Department I-Psychology, University of Trier, Trier, Germany.
Institute of Clinical Epidemiology and Biometry, University of Würzburg, Würzburg, Germany.
PLoS One. 2021 Mar 25;16(3):e0248875. doi: 10.1371/journal.pone.0248875. eCollection 2021.
Identifying pain-related response patterns and understanding functional mechanisms of symptom formation and recovery are important for improving treatment.
We aimed to replicate pain-related avoidance-endurance response patterns associated with the Fear-Avoidance Model, and its extension, the Avoidance-Endurance Model, and examined their differences in secondary measures of stress, action control (i.e., dispositional action vs. state orientation), coping, and health.
Latent profile analysis (LPA) was conducted on self-report data from 536 patients with chronic non-specific low back pain at the beginning of an inpatient rehabilitation program. Measures of stress (i.e., pain, life stress) and action control were analyzed as covariates regarding their influence on the formation of different pain response profiles. Measures of coping and health were examined as dependent variables.
Partially in line with our assumptions, we found three pain response profiles of distress-avoidance, eustress-endurance, and low-endurance responses that are depending on the level of perceived stress and action control. Distress-avoidance responders emerged as the most burdened, dysfunctional patient group concerning measures of stress, action control, maladaptive coping, and health. Eustress-endurance responders showed one of the highest levels of action versus state orientation, as well as the highest levels of adaptive coping and physical activity. Low-endurance responders reported lower levels of stress as well as equal levels of action versus state orientation, maladaptive coping, and health compared to eustress-endurance responders; however, equally low levels of adaptive coping and physical activity compared to distress-avoidance responders.

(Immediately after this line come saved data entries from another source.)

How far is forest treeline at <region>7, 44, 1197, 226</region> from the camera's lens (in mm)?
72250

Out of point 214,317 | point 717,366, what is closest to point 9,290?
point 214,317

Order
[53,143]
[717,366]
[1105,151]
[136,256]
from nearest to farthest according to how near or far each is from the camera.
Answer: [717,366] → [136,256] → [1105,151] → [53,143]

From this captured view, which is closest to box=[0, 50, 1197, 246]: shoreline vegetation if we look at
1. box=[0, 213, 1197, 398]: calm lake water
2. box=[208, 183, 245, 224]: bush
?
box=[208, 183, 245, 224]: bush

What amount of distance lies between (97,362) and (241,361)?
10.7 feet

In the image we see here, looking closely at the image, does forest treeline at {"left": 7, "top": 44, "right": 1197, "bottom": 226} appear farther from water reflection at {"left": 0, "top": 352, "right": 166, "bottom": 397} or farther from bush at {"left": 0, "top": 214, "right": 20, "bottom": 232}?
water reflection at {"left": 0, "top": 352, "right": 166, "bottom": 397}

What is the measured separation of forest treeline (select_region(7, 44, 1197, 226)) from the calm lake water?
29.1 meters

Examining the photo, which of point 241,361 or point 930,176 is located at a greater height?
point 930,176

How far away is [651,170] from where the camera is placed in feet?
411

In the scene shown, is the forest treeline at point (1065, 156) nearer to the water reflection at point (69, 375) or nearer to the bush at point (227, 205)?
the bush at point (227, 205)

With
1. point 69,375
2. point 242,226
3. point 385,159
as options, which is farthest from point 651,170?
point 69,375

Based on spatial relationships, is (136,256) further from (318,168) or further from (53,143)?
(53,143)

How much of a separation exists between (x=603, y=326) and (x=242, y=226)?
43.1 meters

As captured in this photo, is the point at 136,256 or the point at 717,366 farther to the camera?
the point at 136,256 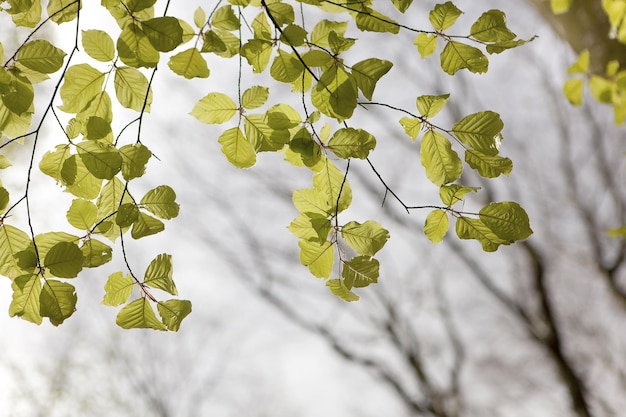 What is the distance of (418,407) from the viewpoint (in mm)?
3311

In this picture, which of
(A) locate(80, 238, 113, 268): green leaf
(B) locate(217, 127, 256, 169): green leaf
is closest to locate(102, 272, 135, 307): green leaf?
(A) locate(80, 238, 113, 268): green leaf

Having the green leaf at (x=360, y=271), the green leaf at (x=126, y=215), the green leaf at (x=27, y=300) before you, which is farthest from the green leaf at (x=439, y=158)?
the green leaf at (x=27, y=300)

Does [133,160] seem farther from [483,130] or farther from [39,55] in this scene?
[483,130]

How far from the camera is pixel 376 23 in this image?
552 mm

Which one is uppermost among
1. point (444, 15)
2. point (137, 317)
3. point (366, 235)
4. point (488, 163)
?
point (444, 15)

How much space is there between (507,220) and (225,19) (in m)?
0.39

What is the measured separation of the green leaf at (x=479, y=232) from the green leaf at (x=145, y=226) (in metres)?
0.34

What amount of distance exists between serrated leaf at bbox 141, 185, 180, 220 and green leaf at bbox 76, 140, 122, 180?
0.20ft

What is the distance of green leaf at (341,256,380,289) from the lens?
55 cm

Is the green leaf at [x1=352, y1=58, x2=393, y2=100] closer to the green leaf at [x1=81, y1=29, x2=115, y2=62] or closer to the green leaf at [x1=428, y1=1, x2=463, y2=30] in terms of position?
the green leaf at [x1=428, y1=1, x2=463, y2=30]

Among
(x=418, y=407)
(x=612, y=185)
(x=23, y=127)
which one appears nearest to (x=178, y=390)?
(x=418, y=407)

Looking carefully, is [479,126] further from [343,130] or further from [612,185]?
[612,185]

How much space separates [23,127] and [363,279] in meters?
0.44

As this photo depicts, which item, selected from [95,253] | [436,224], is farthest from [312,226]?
[95,253]
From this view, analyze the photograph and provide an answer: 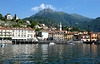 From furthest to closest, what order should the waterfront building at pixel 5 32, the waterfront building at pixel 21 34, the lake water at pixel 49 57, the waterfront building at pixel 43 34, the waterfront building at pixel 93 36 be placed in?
the waterfront building at pixel 43 34 < the waterfront building at pixel 93 36 < the waterfront building at pixel 21 34 < the waterfront building at pixel 5 32 < the lake water at pixel 49 57

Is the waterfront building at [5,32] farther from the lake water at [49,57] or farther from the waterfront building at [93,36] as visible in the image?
the lake water at [49,57]

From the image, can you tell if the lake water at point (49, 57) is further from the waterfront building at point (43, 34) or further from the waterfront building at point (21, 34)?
the waterfront building at point (43, 34)

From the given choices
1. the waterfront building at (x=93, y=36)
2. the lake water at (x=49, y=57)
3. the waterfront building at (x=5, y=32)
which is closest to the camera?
the lake water at (x=49, y=57)

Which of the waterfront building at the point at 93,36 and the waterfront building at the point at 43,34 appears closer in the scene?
the waterfront building at the point at 93,36

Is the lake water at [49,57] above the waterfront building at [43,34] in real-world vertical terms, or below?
below

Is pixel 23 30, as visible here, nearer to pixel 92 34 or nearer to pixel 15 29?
pixel 15 29

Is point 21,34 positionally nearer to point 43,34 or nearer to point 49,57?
point 43,34

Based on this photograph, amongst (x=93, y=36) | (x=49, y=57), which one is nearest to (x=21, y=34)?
(x=93, y=36)

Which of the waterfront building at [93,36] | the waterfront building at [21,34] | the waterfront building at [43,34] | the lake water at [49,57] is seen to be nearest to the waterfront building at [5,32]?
the waterfront building at [21,34]

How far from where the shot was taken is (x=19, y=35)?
136375 mm

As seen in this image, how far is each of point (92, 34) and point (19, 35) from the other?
6330cm

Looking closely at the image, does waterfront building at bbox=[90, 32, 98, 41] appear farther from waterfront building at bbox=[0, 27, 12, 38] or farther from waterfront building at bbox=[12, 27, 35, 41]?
waterfront building at bbox=[0, 27, 12, 38]

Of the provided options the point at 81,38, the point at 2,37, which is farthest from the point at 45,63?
the point at 81,38

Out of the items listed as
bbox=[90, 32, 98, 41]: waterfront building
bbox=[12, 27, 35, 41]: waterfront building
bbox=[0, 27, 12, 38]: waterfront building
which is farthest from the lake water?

Apart from the partially supported assumptions of the Fear-Avoidance and Avoidance-Endurance Model, perceived stress and dispositional action versus state orientation may play a crucial role in the formation of pain-related avoidance-endurance response patterns that vary in degree of adaptiveness. Results suggest tailoring interventions based on behavioral and functional analysis of pain responses in order to more effectively improve patients quality of life.
识别与疼痛相关的反应模式,了解症状形成和恢复的功能机制,对于改善治疗至关重要。
我们旨在复制与恐惧回避模型相关的疼痛相关回避-耐受反应模式及其扩展,即回避-耐受模型,并检查其在压力、行动控制(即性格行动与状态取向)、应对和健康的次要测量指标中的差异。
对 536 名慢性非特异性下腰痛患者在住院康复计划开始时的自我报告数据进行潜在剖面分析(LPA)。压力(即疼痛、生活压力)和行动控制的测量值被分析为影响不同疼痛反应模式形成的协变量。应对和健康的测量值被作为因变量进行检查。
部分符合我们的假设,我们发现了三种疼痛反应模式,即痛苦回避、良性压力耐受和低耐受力反应,这取决于感知压力和行动控制的水平。痛苦回避反应者作为最受困扰、功能失调的患者群体,在压力、行动控制、适应不良应对和健康方面的测量指标上表现突出。良性压力耐受反应者表现出最高的性格行动与状态取向水平之一,以及最高的适应性应对和身体活动水平。低耐受力反应者报告的压力水平较低,性格行动与状态取向、适应不良应对和健康水平与良性压力耐受反应者相当;然而,与痛苦回避反应者相比,适应性应对和身体活动水平同样较低。
除了恐惧回避和回避-耐受模型的部分假设得到支持外,感知压力和性格行动与状态取向可能在疼痛相关回避-耐受反应模式的形成中起着关键作用,这些模式在适应度上有所不同。结果表明,根据疼痛反应的行为和功能分析,为患者量身定制干预措施,可能更有效地提高患者的生活质量。